Could you repeat exactly the lines below, from the line containing "Sanctum Una Una" through the last one, both included, while leaving out any pictures?

* [Recorded information]
....
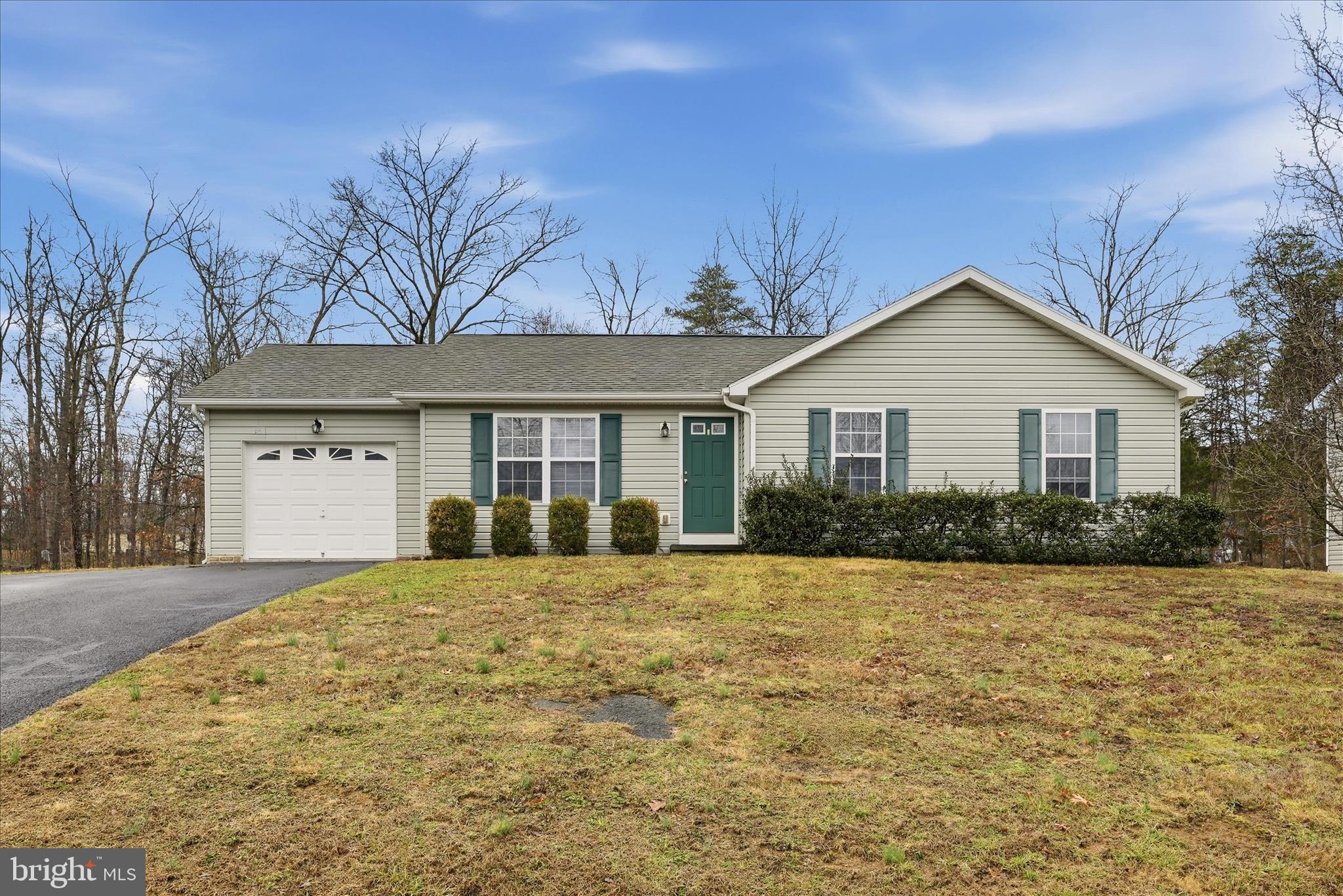 MIDDLE CREEK MANOR - Residential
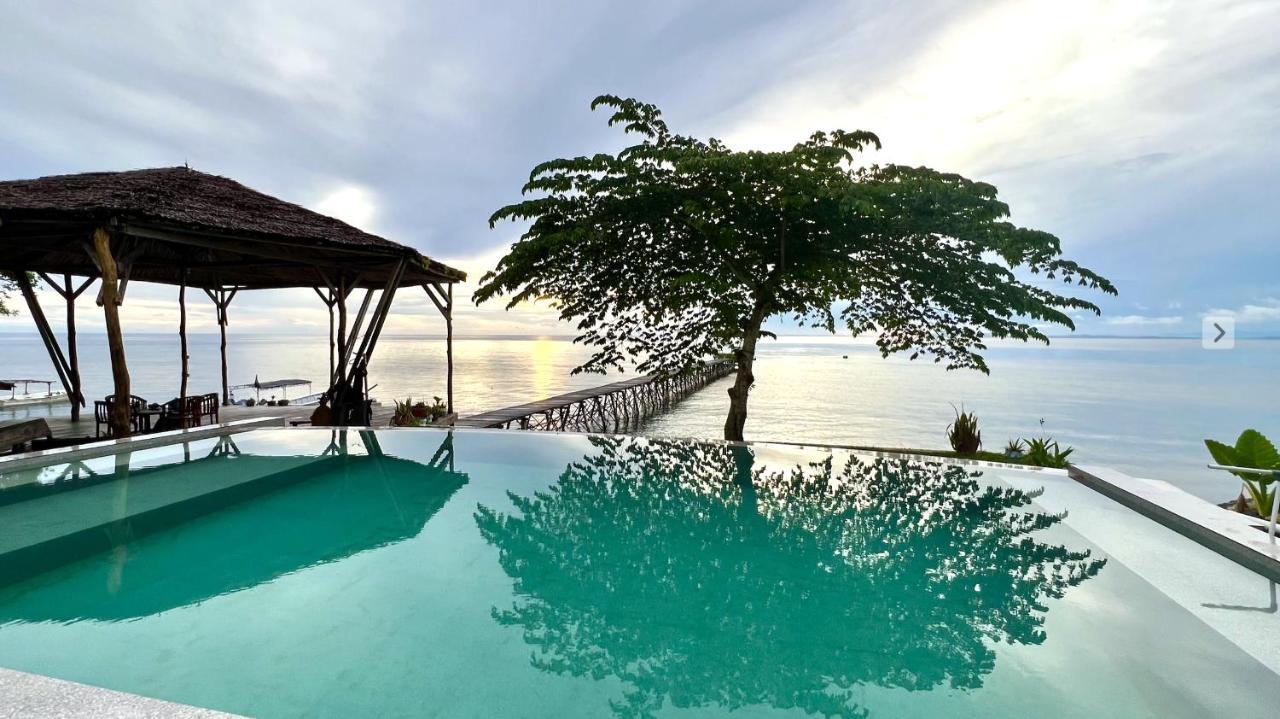 Sanctum Una Una Eco Dive Resort Pulau Unauna Εξωτερικό φωτογραφία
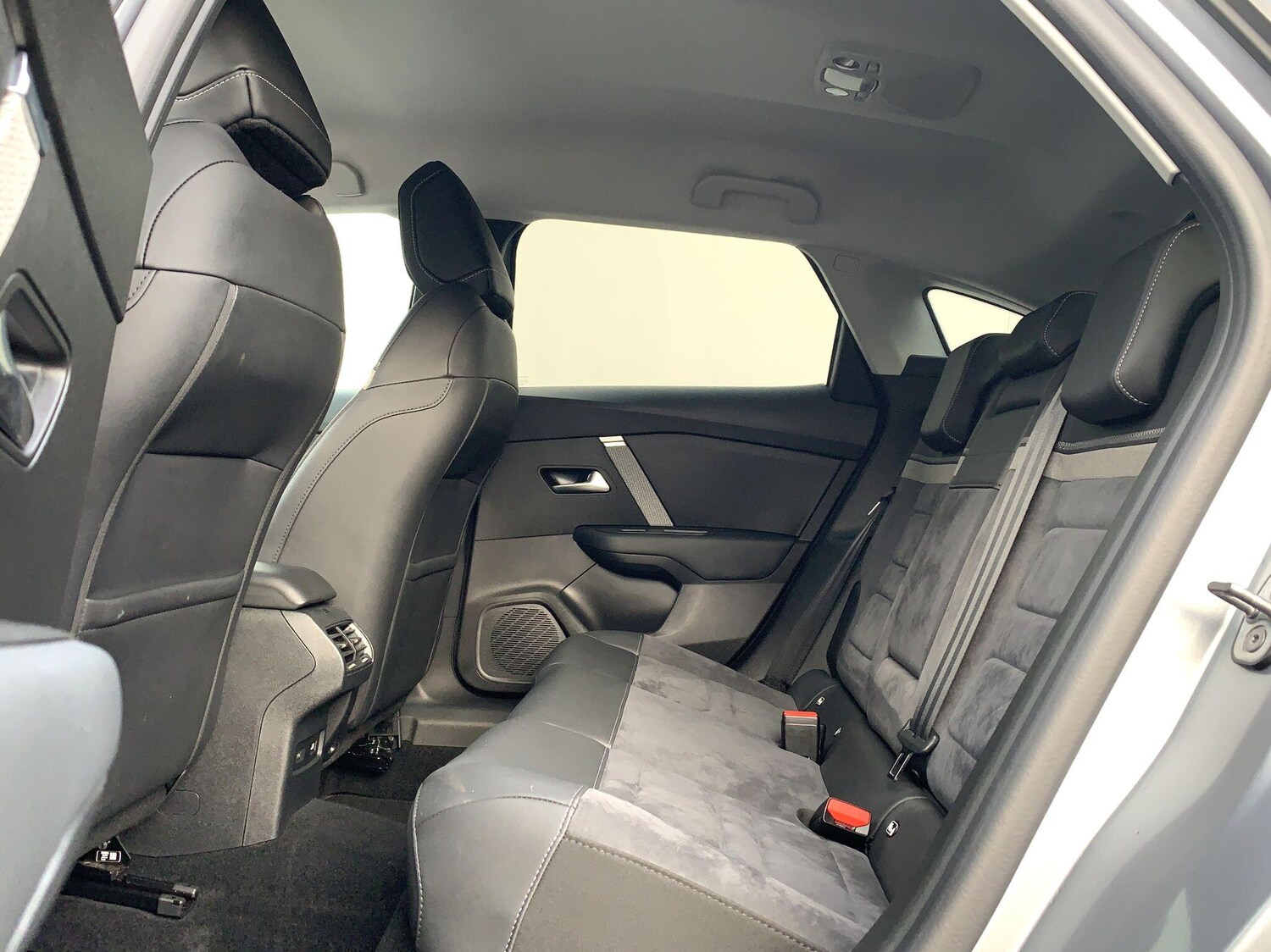 Used Citroen C4 2024 for sale - 76913096: Photo 9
....
* [Response to this exercise]
 Sanctum Una Una Eco Dive Resort Pulau Unauna Εξωτερικό φωτογραφία
 Used Citroen C4 2024 for sale - 76913096: Photo 9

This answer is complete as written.